Limitations & Future Work¶
- The Curse of Dimensionality is Not Eradicated: Maintaining quality in high dimensions still requires enough data because kNN graph kernel estimation degrades in high dimensions; the quality of \(\hat\Gamma\) is significantly affected by \(k\) (number of neighbours).
- Limited Scenarios for Gains: On large-scale, uniformly sampled data, CDC-FM converges with FM. The marginal gains of geometric noise vanish as implicit regularisation strengthens — the method's positioning is for "low-data/heterogeneous/strong geometric structure" rather than a universal performance boost.

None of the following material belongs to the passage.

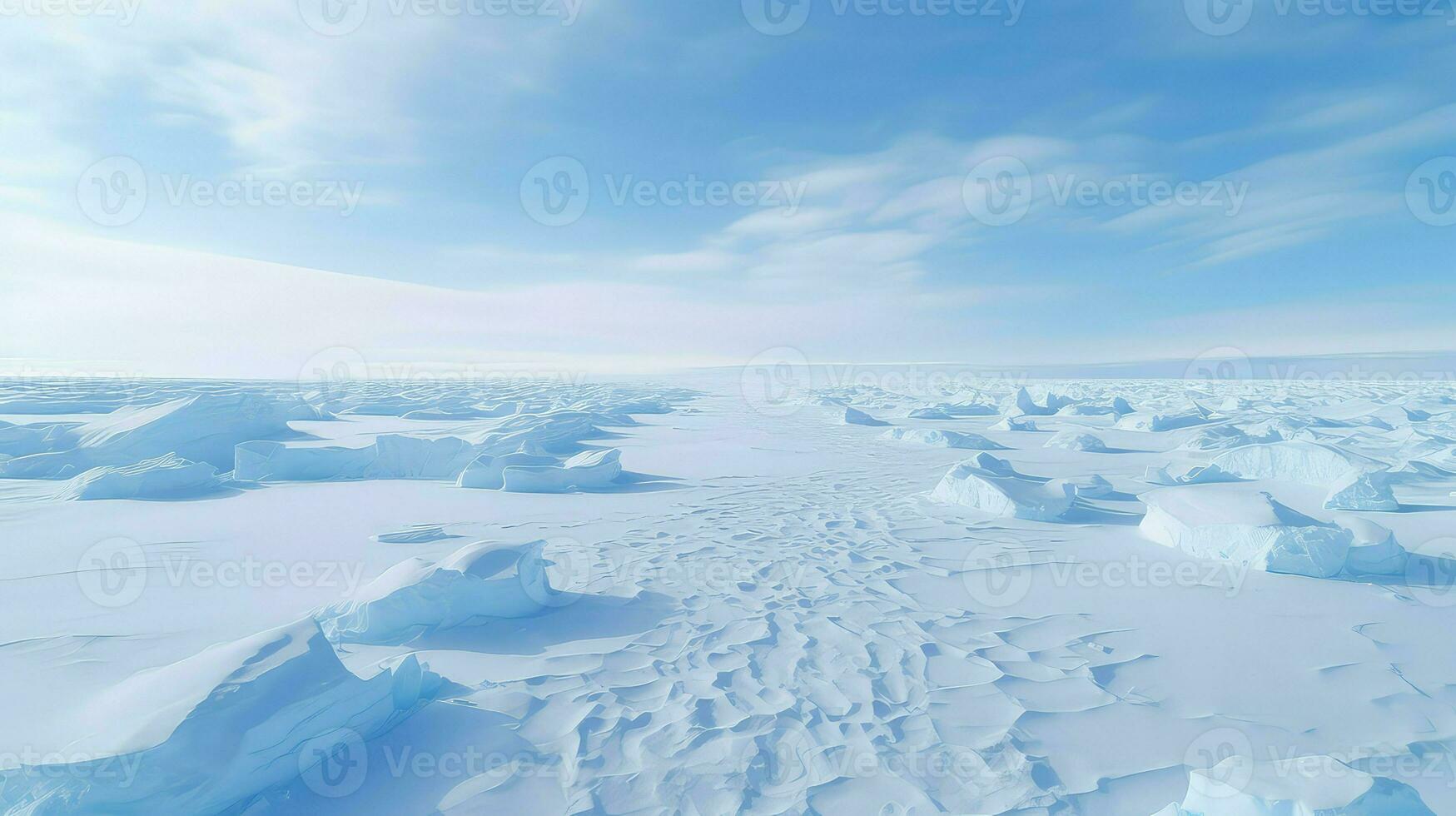 natura polare ghiaccio caps ai generato foto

- Hyperparameter Sensitivity: \(\gamma, d_{cdc}, k, k_{bw}\) require grid search; a \(d_{cdc}\) rank that is too large may cause slight quality drops due to noise leakage in off-manifold directions.
- Future Work: Combining with learned manifold methods, latent space diffusion, or adaptive regularisation strength selection could further extend the benefits to higher-dimensional large-scale data scenarios.
Related Work & Insights¶
- Generative Modelling under the Manifold Hypothesis: Unlike methods constrained to predefined or learned manifolds (Riemannian FM, Kapusniak et al. 2024), this work treats geometry as regularisation rather than a constraint — adding anisotropic diffusion only in the probability path, making it lighter and more flexible.
- Quality-Generalisation Trade-off in Diffusion Models: Echoes research by Yoon et al. (2023), Ross et al. (2025), and Achilli et al. (2024) on memorisation and intrinsic dimensions, transferring these insights from diffusion to FM, which was previously less studied (Bertrand et al. 2025 proved optimal FM vector fields memorise).
- Geometric Regularisation: Compared to earlier uses of tangent information (Simard 1991, Rifai 2011) to regularise losses in supervised learning, CDC-FM brings geometric regularisation to generative modelling and applies it to the probability path rather than the loss.
- Insights: Integrating "Data Geometry \(\leftrightarrow\) Generalisation/Memorisation" into a unified mathematical framework suggests that local geometric noise can serve as a universal, plug-and-play regularisation tool for generative models, especially in low-sample AI for Science scenarios.
Rating¶
- Novelty: ⭐⭐⭐⭐⭐ — Introducing carré du champ / diffusion geometry into FM probability paths and designing anisotropic noise based on the geometric root cause of memorisation is a novel and systematic approach.
- Experimental Thoroughness: ⭐⭐⭐⭐ — Five types of data × three architectures, including synthetic controlled experiments and real scientific/image data. Solid ablations (\(\gamma, d_{cdc}, k\), dimension, data volume); however, gains on large-scale images are limited, and comparison with more SOTA regularisation baselines is lacking.
- Writing Quality: ⭐⭐⭐⭐ — Progressively builds motivation; good coordination between text and figures; clear correspondence between theoretical propositions and algorithms. High formula density may pose a barrier for readers without a geometry background.
- Value: ⭐⭐⭐⭐ — Plug-and-play and scalable, with high practical value for low-sample/heterogeneous data scenarios in AI for Science. Provides a reusable geometric framework for memorisation research in generative models.